EXERCISE OBJECTIVE
Transcribe exactly, leaving out pictures, the lines from the one that holds "Classic Small Whitewash" through the end of the data below, including both end lines and no others.

Source records

━━━━━━━━━━━━━━━━━━━━

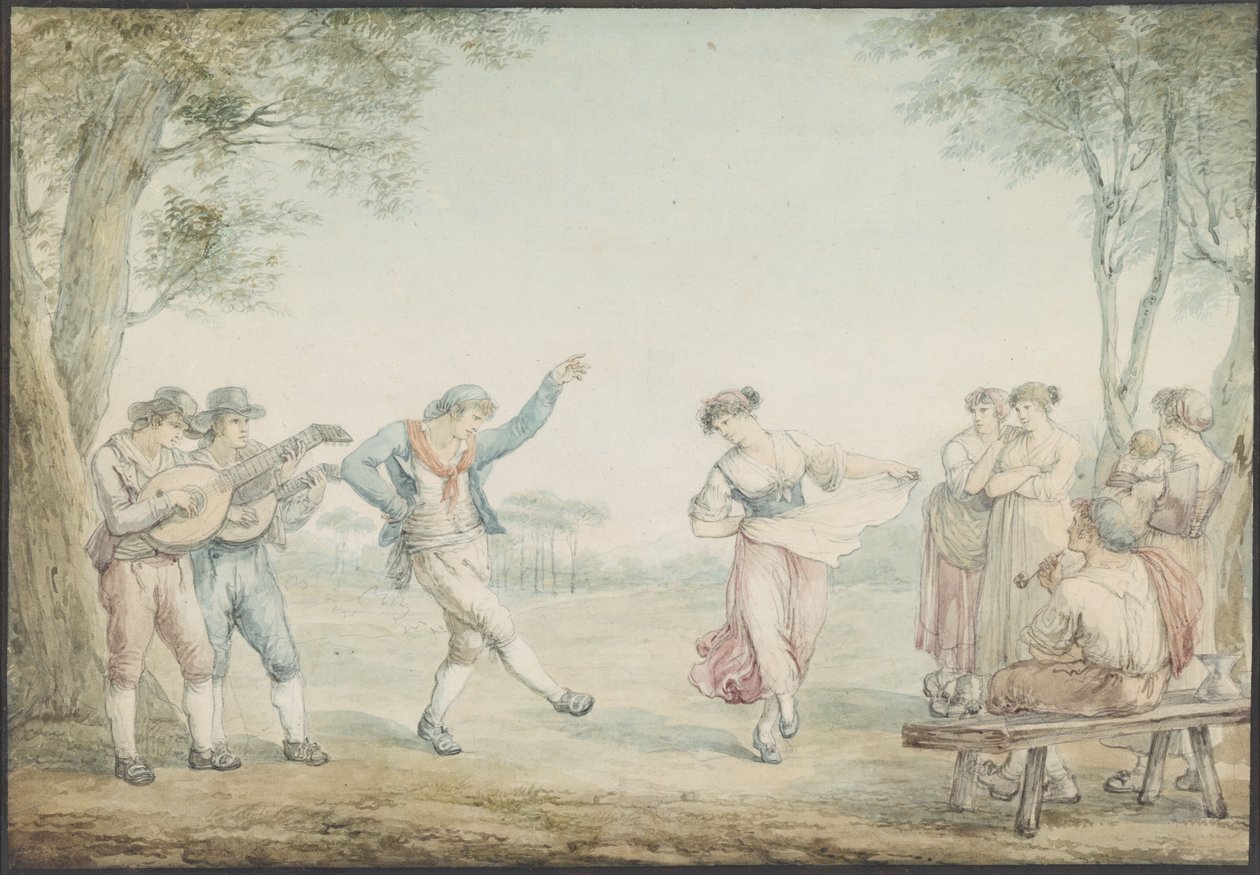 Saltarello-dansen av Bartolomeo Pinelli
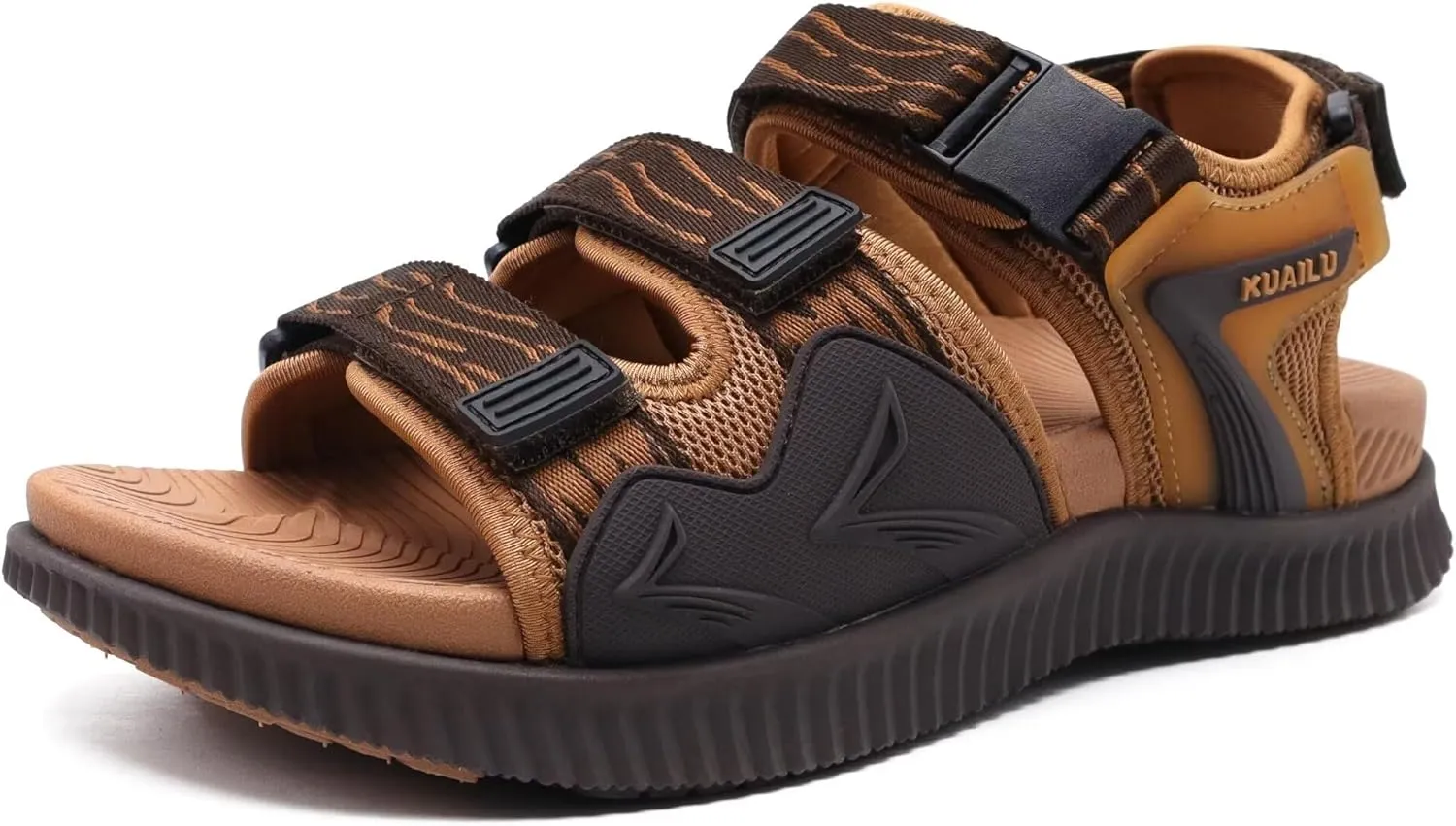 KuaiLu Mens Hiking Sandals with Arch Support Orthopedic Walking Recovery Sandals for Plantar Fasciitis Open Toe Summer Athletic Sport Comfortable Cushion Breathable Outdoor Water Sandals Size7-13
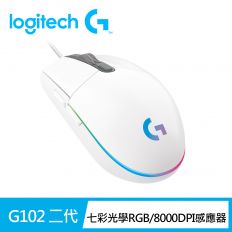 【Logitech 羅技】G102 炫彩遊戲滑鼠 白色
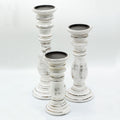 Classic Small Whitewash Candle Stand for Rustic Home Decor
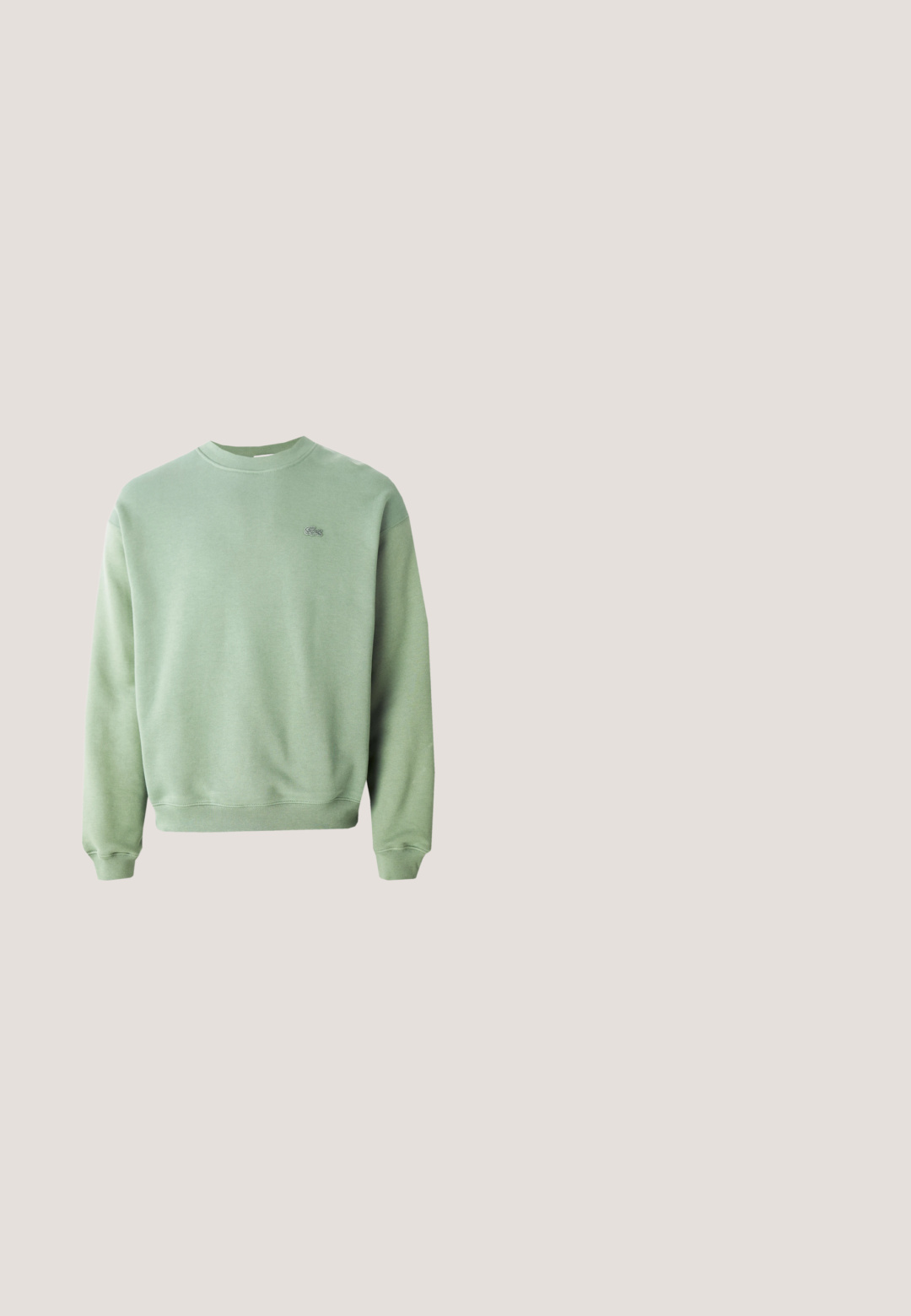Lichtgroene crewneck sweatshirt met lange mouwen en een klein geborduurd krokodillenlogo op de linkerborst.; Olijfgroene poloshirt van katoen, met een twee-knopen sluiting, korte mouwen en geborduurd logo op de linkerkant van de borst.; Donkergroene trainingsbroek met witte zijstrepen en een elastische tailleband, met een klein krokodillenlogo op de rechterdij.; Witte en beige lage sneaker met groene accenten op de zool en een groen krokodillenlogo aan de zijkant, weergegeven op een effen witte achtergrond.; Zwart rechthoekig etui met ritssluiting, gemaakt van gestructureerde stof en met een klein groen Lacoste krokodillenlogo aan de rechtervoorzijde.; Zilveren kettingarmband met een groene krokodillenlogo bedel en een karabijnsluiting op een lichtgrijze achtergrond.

━━━━━━━━━━━━━━━━━━━━

PROBLEM SOLUTION
 Classic Small Whitewash Candle Stand for Rustic Home Decor
Lichtgroene crewneck sweatshirt met lange mouwen en een klein geborduurd krokodillenlogo op de linkerborst.; Olijfgroene poloshirt van katoen, met een twee-knopen sluiting, korte mouwen en geborduurd logo op de linkerkant van de borst.; Donkergroene trainingsbroek met witte zijstrepen en een elastische tailleband, met een klein krokodillenlogo op de rechterdij.; Witte en beige lage sneaker met groene accenten op de zool en een groen krokodillenlogo aan de zijkant, weergegeven op een effen witte achtergrond.; Zwart rechthoekig etui met ritssluiting, gemaakt van gestructureerde stof en met een klein groen Lacoste krokodillenlogo aan de rechtervoorzijde.; Zilveren kettingarmband met een groene krokodillenlogo bedel en een karabijnsluiting op een lichtgrijze achtergrond.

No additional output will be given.